■ What to do:
Omit the pictures and extract only the lines from the line containing "MOMO Style Racing" to the end of the material, each exactly as written.
____
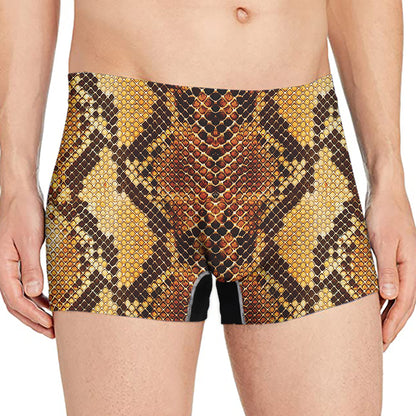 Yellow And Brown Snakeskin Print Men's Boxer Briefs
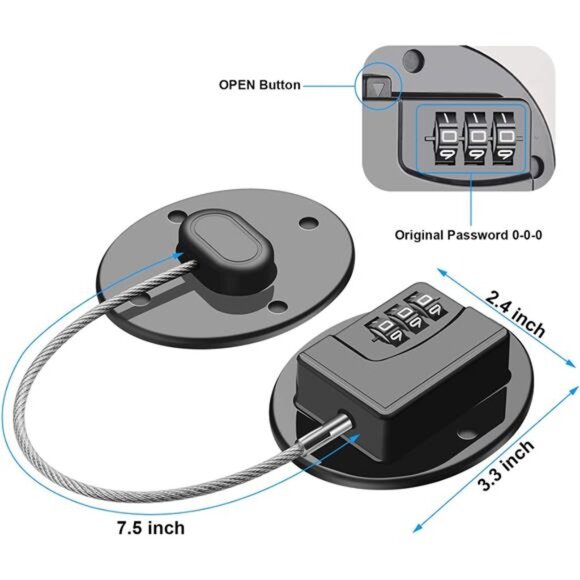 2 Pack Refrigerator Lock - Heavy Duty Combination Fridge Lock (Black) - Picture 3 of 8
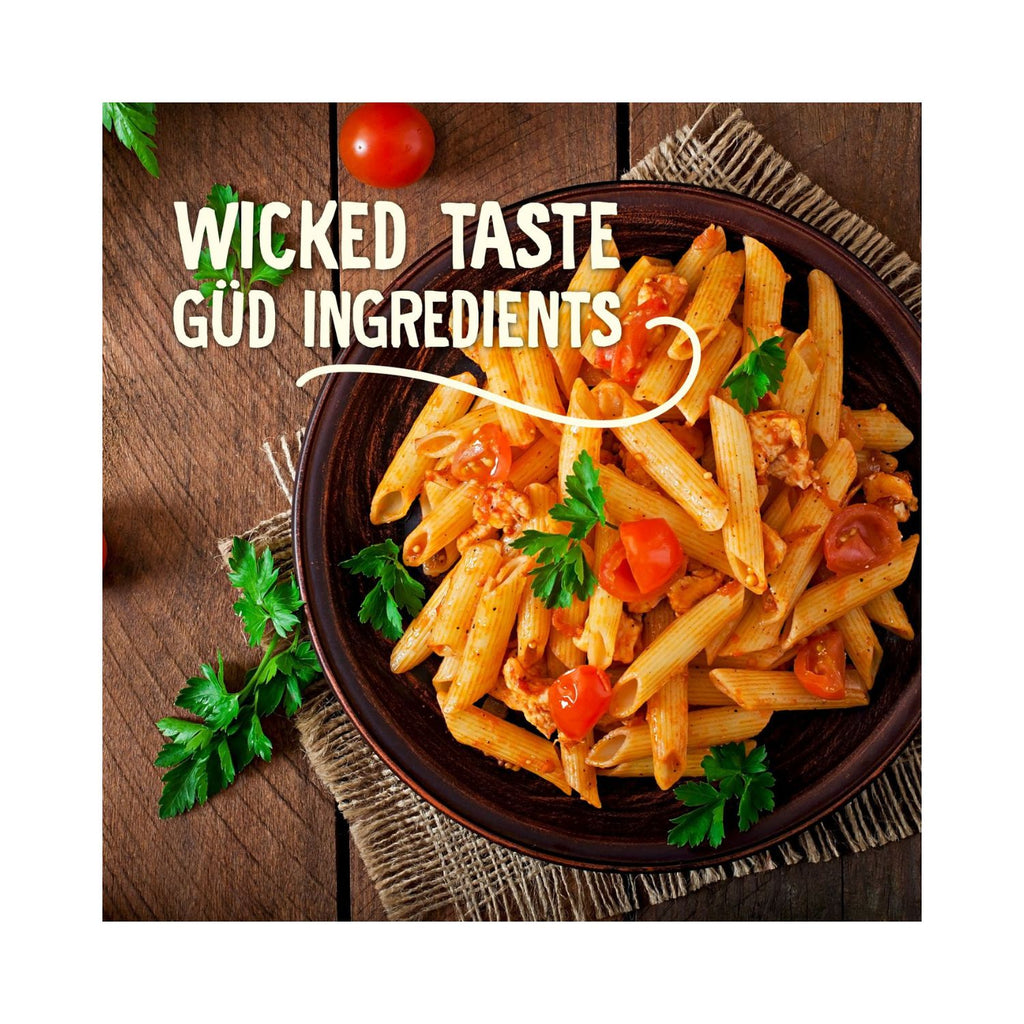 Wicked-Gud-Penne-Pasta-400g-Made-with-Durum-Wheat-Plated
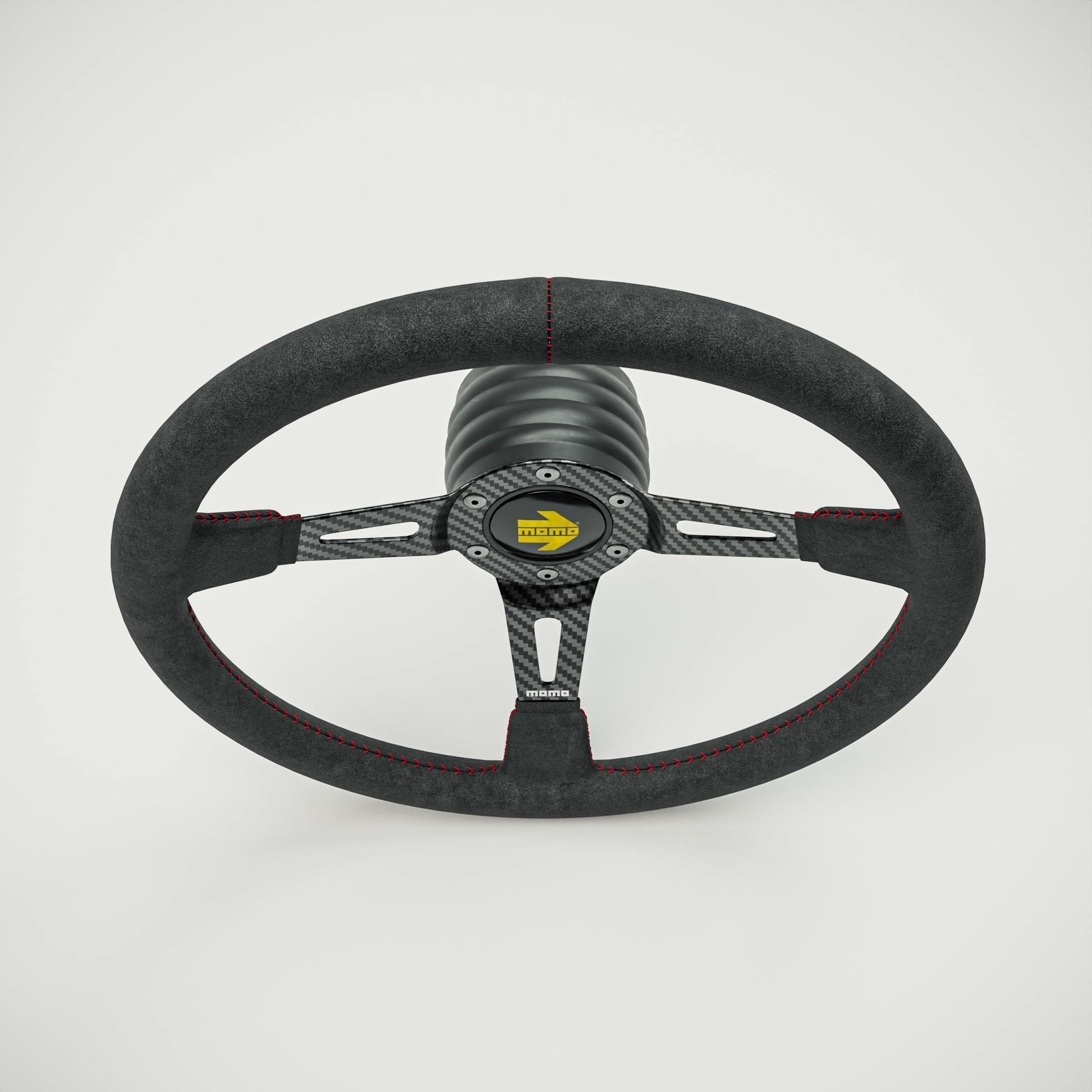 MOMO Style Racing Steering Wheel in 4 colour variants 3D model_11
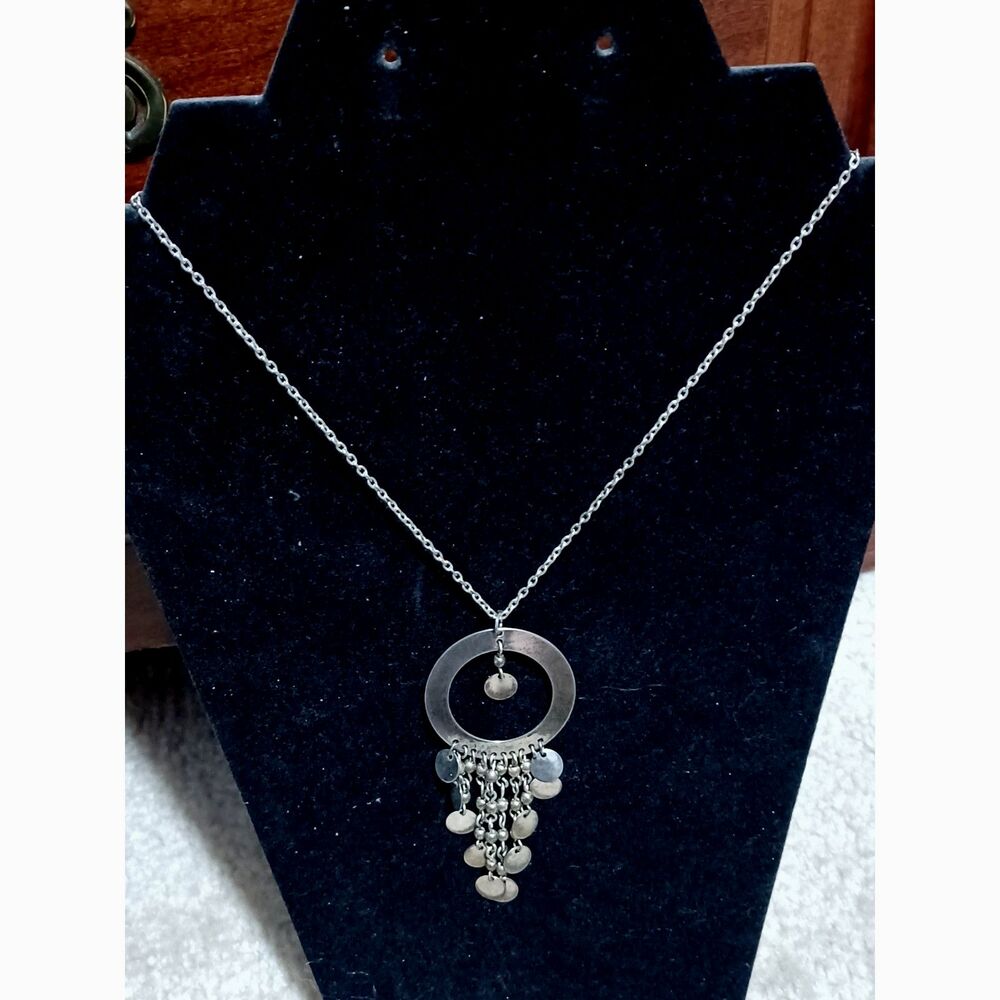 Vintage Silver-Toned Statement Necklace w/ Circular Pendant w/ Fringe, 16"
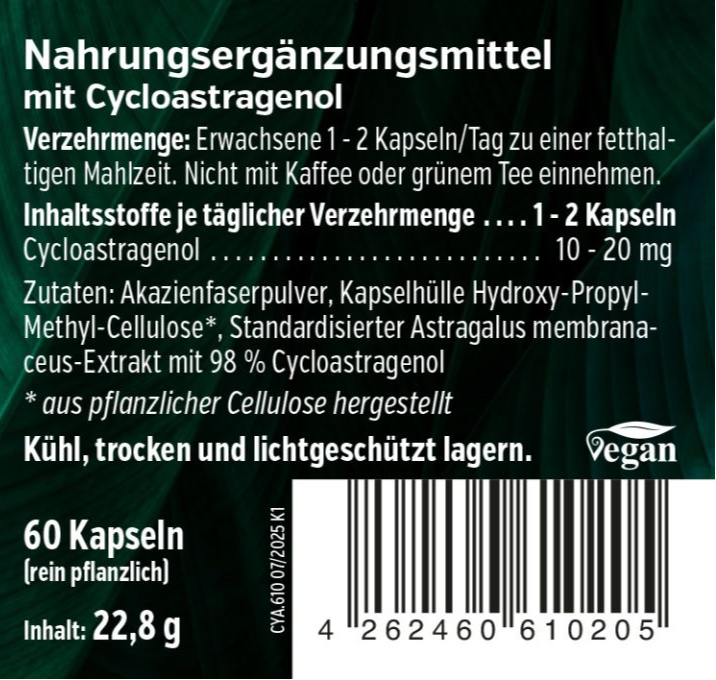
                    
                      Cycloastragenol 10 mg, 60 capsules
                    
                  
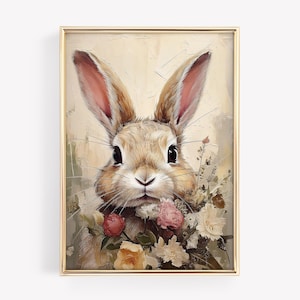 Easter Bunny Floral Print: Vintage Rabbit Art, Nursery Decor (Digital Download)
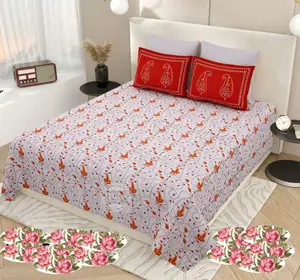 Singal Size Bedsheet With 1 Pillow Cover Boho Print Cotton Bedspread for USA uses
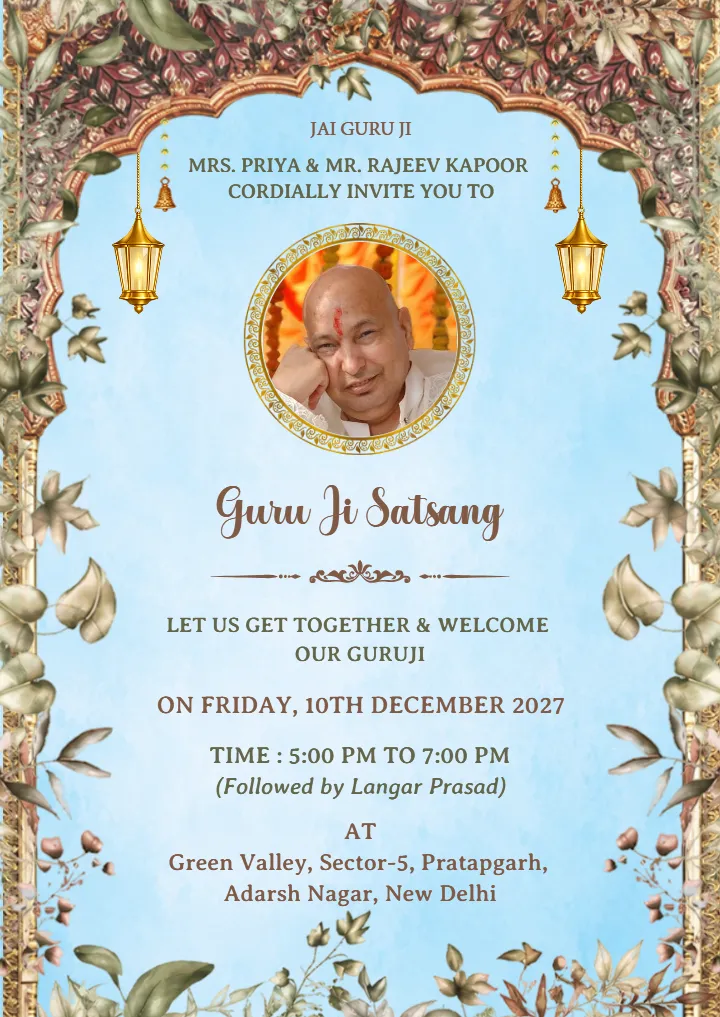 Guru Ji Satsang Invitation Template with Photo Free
____
■ Answer space:
 MOMO Style Racing Steering Wheel in 4 colour variants 3D model_11
 Vintage Silver-Toned Statement Necklace w/ Circular Pendant w/ Fringe, 16"
                    
                      Cycloastragenol 10 mg, 60 capsules
                    
                  
 Easter Bunny Floral Print: Vintage Rabbit Art, Nursery Decor (Digital Download)
 Singal Size Bedsheet With 1 Pillow Cover Boho Print Cotton Bedspread for USA uses
 Guru Ji Satsang Invitation Template with Photo Free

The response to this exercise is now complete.